Ces entreprises opèrent majoritairement en ligne, sans présence physique significative dans les pays où elles génèrent pourtant d’énormes revenus. Or, les règles fiscales classiques reposent sur la notion d’« établissement stable » : pour qu’un État puisse imposer une société, il faut que celle-ci y ait un siège, une usine ou un bureau. Dans le cas des GAFAM, cette condition est rarement remplie. Résultat : elles engrangent des bénéfices considérables dans des pays où elles ne paient presque rien. Face à cette situation, chaque État tente d’apporter sa propre solution. Certains, notamment les paradis fiscaux, proposent des taux d’imposition très faibles pour attirer ces entreprises, tandis que d’autres cherchent à récupérer une part du gâteau numérique. Mais faute d’accord global, la bataille se joue en ordre dispersé.
Depuis le 1er janvier 2024, les pays du G7 et du G20, avec le soutien de l’OCDE, ont mis en œuvre un impôt minimum mondial de 15 % sur les sociétés multinationales. L’objectif est de limiter l’évasion fiscale et de réduire la concurrence déloyale entre États. Cependant, cette réforme reste encore timide dans son application, notamment en Afrique, où l’absence d’un cadre commun affaiblit la portée de la mesure. Pour Abossé Akue-Kpakpo, ancien directeur de l’économie numérique à la Commission de l’UEMOA, la seule solution viable pour le continent réside dans une action concertée : « Si les pays africains ne se mettent pas d’accord pour agir ensemble, les GAFAM continueront d’imposer leurs propres règles. »
Le Sénégal, de son côté, a commencé à tracer sa voie. Depuis le 1er juillet 2024, une taxe sur la valeur ajoutée (TVA) s’applique désormais aux services numériques étrangers, comme les plateformes de streaming, les fournisseurs de logiciels ou les sites de commerce en ligne. Le pays devient ainsi le 22e État africain à introduire une telle mesure. Mais cette avancée ne gomme pas les disparités. Au Kenya, la TVA numérique est fixée à 16 %. Ainsi, lorsqu’un utilisateur s’abonne à Netflix, la plateforme prélève automatiquement la taxe et la reverse à l’État.

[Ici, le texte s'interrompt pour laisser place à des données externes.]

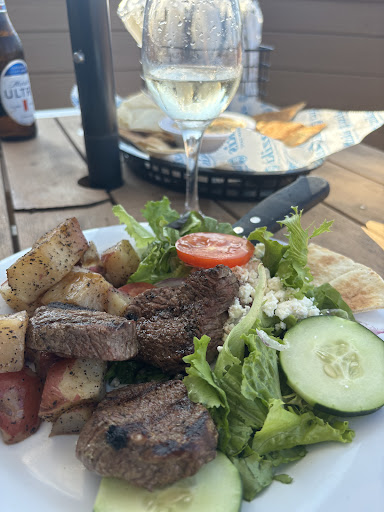 Photo of Taziki's Mediterranean Cafe - Panama City - 103 W 23rd St E7, Panama City, FL 32405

Au Sénégal, le taux est plus élevé – 18 % –, mais les procédures administratives demeurent lourdes pour les entreprises locales. Le Nigeria, lui, a opté pour une approche différente : il taxe non pas chaque transaction, mais les bénéfices effectivement générés sur son territoire. Entre ces stratégies diverses, un constat s’impose : la fiscalité du numérique reste un champ de bataille. Tant que les États n’adopteront pas une position commune, les GAFAM continueront d’échapper, en grande partie, à la taxation équitable de leurs activités. Au-delà des chiffres, l’enjeu est aussi politique et moral. Il s’agit de rétablir un équilibre entre la puissance privée des géants du Web et la souveraineté des nations. Dans un monde où la donnée vaut plus que le pétrole, la justice fiscale devient une question de dignité collective.